# ACTION ITEM
Reproduce only the lines of the material below that start at the line containing "Cartoon Male Raccoon Walking" and stop at the line containing "8-inch Embossed Underglaze". Keep both end lines.

# DATA PROVIDED

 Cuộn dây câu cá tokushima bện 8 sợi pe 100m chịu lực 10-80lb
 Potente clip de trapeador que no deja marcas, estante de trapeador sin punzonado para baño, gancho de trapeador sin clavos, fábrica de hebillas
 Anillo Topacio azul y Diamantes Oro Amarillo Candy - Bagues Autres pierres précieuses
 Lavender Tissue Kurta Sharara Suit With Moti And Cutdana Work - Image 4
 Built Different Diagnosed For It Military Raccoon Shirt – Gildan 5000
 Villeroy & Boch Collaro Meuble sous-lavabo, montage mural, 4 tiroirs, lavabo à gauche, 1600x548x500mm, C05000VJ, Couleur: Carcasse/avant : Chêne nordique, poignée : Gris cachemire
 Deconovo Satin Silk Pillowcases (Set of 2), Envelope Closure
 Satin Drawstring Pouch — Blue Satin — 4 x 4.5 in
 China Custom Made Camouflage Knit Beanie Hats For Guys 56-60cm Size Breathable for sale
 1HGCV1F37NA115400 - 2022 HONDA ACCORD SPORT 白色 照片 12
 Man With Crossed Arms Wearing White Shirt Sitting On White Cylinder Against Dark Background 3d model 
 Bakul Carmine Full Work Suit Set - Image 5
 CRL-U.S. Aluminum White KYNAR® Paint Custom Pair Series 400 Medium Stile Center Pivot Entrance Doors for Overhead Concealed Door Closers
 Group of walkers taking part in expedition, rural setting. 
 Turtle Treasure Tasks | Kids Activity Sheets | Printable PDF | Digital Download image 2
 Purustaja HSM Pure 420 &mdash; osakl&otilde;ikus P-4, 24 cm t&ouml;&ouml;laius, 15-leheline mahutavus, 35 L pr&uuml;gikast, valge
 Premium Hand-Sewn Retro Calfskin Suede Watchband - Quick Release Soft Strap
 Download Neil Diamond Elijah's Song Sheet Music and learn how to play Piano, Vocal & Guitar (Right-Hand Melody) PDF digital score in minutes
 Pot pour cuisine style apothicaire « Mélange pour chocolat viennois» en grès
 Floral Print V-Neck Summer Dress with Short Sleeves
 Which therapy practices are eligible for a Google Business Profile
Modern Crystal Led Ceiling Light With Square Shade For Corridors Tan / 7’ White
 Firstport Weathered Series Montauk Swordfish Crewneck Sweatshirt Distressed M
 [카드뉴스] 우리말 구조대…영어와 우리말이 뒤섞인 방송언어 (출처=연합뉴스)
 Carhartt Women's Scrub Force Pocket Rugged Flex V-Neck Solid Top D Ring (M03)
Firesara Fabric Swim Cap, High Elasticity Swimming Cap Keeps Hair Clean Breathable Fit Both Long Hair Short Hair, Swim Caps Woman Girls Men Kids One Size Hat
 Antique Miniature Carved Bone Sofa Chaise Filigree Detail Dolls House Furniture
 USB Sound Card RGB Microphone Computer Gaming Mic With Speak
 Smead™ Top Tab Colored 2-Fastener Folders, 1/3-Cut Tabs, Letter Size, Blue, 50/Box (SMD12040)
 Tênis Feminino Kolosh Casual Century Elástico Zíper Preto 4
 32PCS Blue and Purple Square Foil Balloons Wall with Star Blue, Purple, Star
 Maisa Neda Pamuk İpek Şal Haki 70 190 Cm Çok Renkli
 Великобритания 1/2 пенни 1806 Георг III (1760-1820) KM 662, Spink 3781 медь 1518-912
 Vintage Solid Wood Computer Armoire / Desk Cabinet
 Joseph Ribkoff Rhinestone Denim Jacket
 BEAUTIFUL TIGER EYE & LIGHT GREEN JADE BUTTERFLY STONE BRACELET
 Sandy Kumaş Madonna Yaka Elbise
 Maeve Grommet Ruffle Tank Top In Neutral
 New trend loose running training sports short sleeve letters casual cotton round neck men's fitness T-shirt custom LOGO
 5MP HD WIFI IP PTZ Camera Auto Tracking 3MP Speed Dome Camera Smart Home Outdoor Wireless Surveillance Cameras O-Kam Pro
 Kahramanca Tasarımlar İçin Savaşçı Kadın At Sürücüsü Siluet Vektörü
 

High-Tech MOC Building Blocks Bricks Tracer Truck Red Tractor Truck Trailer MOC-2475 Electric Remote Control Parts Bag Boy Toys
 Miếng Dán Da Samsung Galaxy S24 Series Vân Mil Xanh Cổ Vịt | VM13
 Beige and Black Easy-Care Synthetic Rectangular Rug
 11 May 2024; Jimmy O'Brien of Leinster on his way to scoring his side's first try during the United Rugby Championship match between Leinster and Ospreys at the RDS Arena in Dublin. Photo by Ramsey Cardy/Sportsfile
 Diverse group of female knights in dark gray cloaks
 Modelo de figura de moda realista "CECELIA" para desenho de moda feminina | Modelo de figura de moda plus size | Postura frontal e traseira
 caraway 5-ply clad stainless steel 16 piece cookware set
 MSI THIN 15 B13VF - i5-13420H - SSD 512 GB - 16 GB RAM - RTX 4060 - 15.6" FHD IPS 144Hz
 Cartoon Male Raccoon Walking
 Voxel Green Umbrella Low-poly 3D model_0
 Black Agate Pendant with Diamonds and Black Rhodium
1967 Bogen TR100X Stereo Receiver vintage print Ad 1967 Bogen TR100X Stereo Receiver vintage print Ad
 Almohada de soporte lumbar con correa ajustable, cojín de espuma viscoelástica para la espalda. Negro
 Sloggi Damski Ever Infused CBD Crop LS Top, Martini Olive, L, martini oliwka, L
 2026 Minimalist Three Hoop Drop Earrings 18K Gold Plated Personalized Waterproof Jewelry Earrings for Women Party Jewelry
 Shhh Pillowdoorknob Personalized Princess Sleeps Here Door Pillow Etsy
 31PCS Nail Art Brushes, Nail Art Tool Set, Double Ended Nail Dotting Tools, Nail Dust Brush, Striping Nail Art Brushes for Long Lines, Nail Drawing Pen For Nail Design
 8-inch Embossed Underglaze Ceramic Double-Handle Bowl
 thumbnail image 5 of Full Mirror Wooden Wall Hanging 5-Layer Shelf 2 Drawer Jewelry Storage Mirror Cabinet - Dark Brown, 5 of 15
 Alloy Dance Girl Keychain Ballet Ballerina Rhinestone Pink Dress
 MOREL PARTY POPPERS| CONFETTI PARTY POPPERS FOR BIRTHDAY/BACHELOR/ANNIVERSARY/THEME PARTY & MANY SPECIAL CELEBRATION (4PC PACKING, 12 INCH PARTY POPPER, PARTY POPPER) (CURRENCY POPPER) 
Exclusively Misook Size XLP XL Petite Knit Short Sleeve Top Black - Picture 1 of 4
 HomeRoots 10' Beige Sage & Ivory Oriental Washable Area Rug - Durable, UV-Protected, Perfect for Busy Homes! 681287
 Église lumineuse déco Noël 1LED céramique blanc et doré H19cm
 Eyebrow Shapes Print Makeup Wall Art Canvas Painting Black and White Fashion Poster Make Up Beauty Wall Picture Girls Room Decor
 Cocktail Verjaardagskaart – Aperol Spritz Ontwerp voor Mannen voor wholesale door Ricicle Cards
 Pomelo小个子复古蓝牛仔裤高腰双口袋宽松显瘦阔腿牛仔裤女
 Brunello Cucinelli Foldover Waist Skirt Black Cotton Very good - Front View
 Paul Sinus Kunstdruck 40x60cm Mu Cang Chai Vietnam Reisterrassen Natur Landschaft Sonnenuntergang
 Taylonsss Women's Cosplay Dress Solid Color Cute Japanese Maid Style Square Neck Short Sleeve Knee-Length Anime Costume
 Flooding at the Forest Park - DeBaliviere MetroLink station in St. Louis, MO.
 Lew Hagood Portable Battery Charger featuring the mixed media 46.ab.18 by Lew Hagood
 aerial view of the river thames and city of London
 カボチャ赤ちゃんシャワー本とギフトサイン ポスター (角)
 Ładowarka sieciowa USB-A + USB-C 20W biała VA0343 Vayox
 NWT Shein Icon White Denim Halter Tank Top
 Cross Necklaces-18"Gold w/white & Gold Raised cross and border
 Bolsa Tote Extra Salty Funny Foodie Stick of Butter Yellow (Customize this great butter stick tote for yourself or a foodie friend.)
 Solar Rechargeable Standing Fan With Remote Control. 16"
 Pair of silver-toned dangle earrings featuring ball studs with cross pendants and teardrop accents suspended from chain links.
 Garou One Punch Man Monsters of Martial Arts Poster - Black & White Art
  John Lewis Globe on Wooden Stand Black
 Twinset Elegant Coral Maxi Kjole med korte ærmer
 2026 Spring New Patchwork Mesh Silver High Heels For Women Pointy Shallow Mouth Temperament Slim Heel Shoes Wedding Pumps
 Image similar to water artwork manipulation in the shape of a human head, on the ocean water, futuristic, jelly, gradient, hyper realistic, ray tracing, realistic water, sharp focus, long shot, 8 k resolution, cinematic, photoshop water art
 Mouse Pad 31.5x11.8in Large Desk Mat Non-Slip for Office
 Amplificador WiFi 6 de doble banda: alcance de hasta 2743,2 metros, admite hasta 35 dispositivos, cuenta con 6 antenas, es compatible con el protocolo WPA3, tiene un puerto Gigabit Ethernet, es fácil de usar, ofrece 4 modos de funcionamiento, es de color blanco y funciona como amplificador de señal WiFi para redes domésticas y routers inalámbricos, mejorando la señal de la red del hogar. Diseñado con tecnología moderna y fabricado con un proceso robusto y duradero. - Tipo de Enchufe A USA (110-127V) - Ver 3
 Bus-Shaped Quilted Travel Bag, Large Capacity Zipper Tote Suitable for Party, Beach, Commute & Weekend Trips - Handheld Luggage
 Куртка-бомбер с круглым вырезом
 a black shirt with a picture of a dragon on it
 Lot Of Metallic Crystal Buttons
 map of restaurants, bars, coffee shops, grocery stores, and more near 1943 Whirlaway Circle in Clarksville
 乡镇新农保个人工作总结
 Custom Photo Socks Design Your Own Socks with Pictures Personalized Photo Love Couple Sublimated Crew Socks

# ANSWER TO THE EXERCISE
 Cartoon Male Raccoon Walking
 Voxel Green Umbrella Low-poly 3D model_0
 Black Agate Pendant with Diamonds and Black Rhodium
1967 Bogen TR100X Stereo Receiver vintage print Ad 1967 Bogen TR100X Stereo Receiver vintage print Ad
 Almohada de soporte lumbar con correa ajustable, cojín de espuma viscoelástica para la espalda. Negro
 Sloggi Damski Ever Infused CBD Crop LS Top, Martini Olive, L, martini oliwka, L
 2026 Minimalist Three Hoop Drop Earrings 18K Gold Plated Personalized Waterproof Jewelry Earrings for Women Party Jewelry
 Shhh Pillowdoorknob Personalized Princess Sleeps Here Door Pillow Etsy
 31PCS Nail Art Brushes, Nail Art Tool Set, Double Ended Nail Dotting Tools, Nail Dust Brush, Striping Nail Art Brushes for Long Lines, Nail Drawing Pen For Nail Design
 8-inch Embossed Underglaze Ceramic Double-Handle Bowl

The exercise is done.